## [WHAT THE TASK ASKS]
Below is a listing; retype exactly the lines between the one containing "My Love Embellishments" and the one containing "Hongkee 5x5 Picture", inclusive, minus the pictures.
───── INPUT FOR THIS TASK ─────
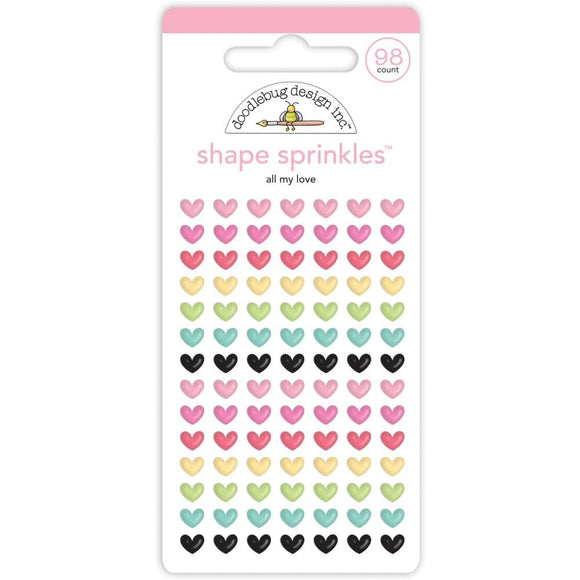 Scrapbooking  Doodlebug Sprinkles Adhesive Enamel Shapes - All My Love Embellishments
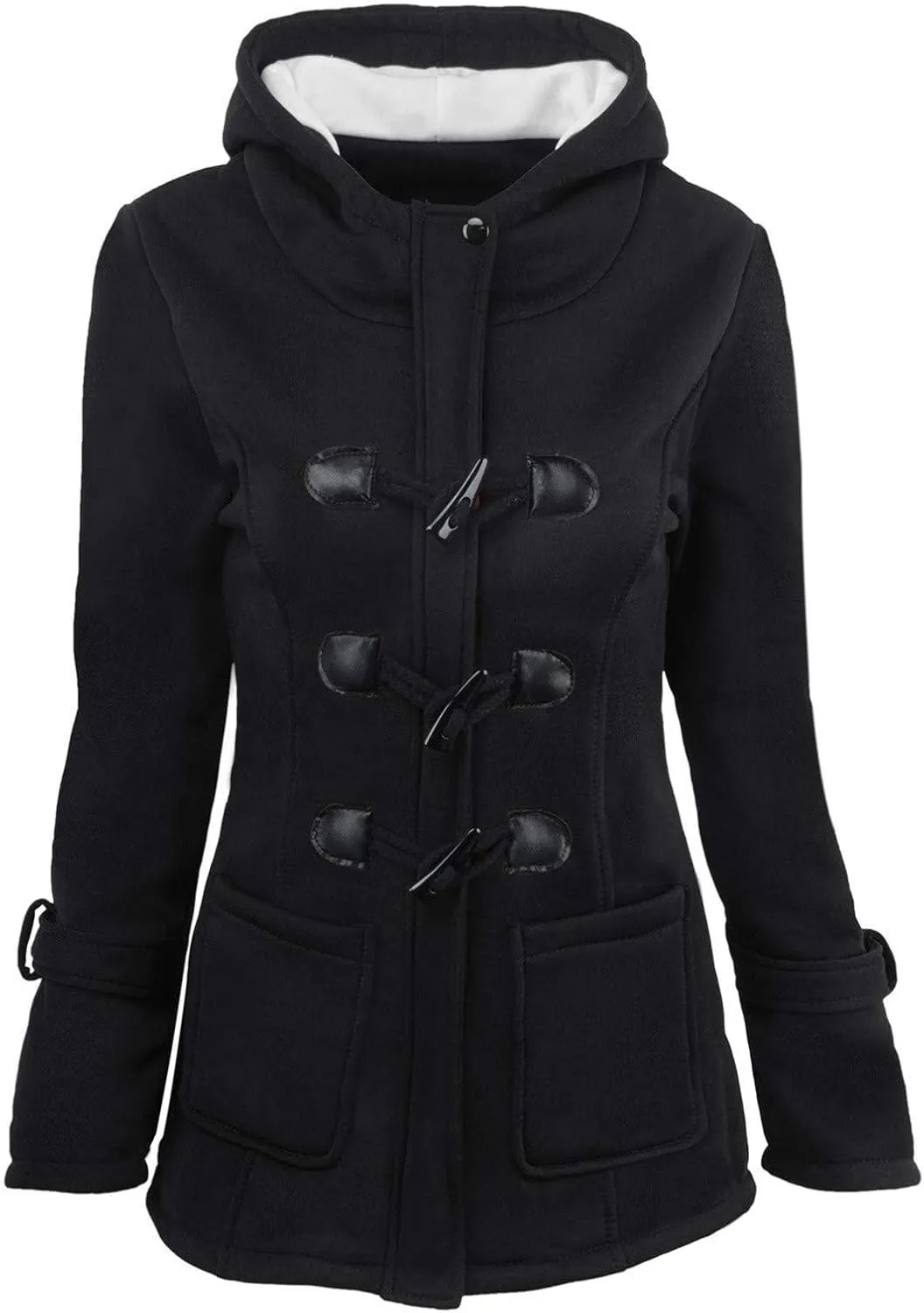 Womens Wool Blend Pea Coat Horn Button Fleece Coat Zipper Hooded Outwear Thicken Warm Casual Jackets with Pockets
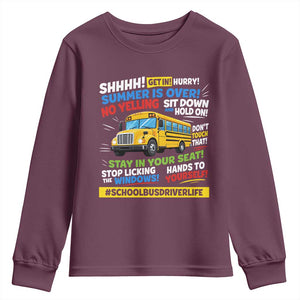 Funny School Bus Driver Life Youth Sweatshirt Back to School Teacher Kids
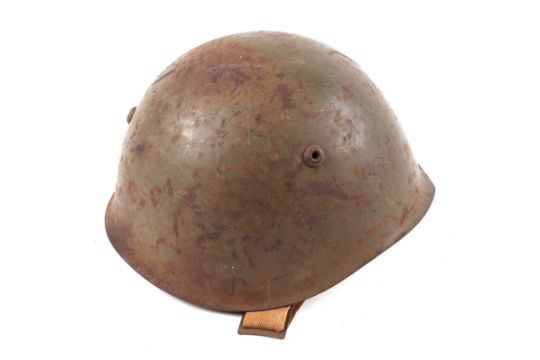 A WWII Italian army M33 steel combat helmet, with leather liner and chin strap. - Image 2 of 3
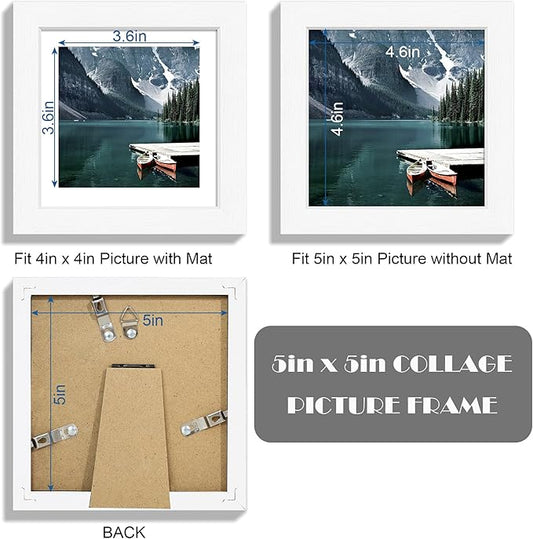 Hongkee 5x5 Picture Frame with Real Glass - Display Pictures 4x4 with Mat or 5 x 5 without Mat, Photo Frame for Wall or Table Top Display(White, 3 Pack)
─────
───── INPUT FOR THIS TASK ─────
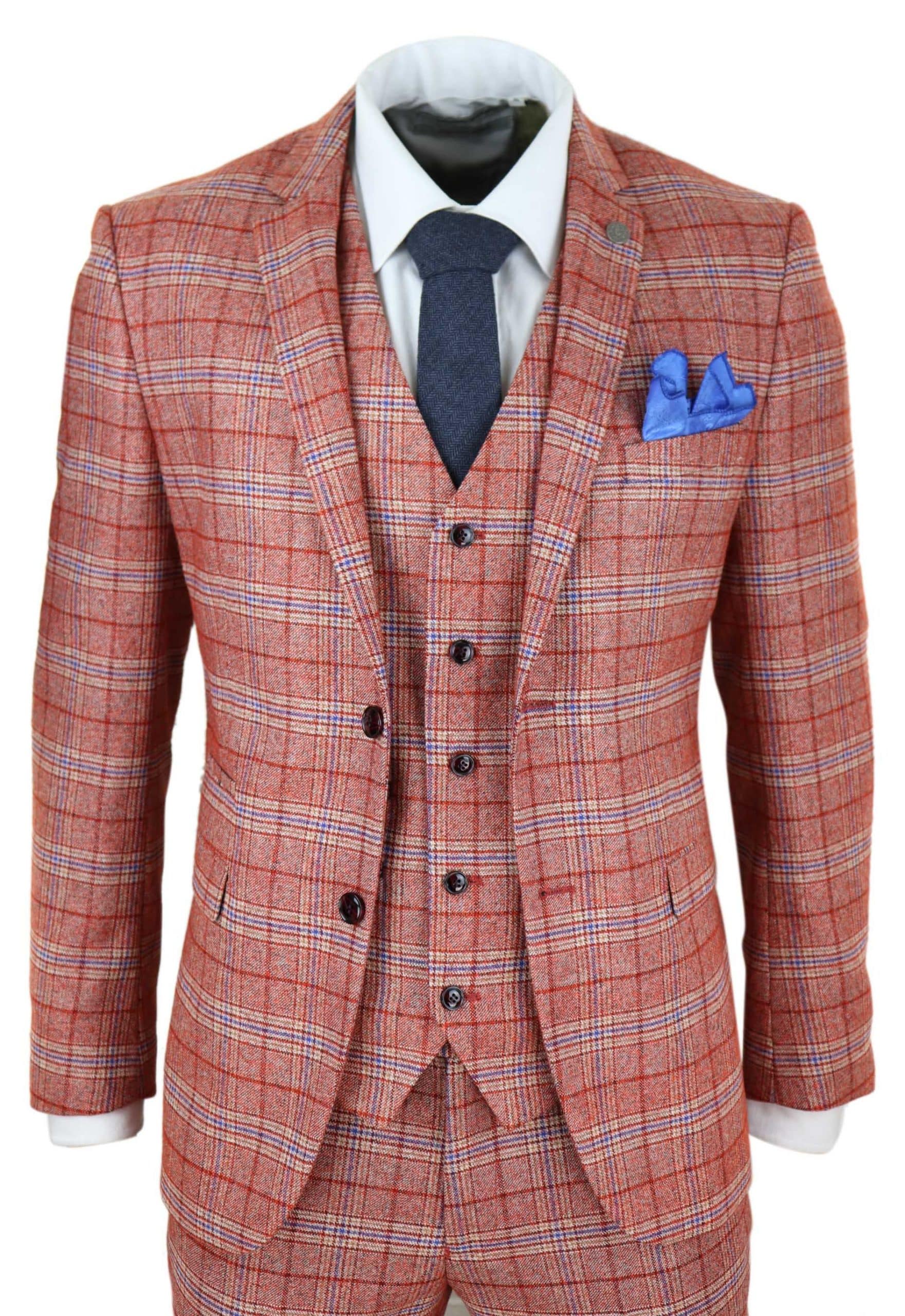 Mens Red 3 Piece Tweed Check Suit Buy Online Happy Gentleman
─────
## [TASK RESULT]
 Scrapbooking  Doodlebug Sprinkles Adhesive Enamel Shapes - All My Love Embellishments
 Womens Wool Blend Pea Coat Horn Button Fleece Coat Zipper Hooded Outwear Thicken Warm Casual Jackets with Pockets
 Funny School Bus Driver Life Youth Sweatshirt Back to School Teacher Kids
 A WWII Italian army M33 steel combat helmet, with leather liner and chin strap. - Image 2 of 3
 Hongkee 5x5 Picture Frame with Real Glass - Display Pictures 4x4 with Mat or 5 x 5 without Mat, Photo Frame for Wall or Table Top Display(White, 3 Pack)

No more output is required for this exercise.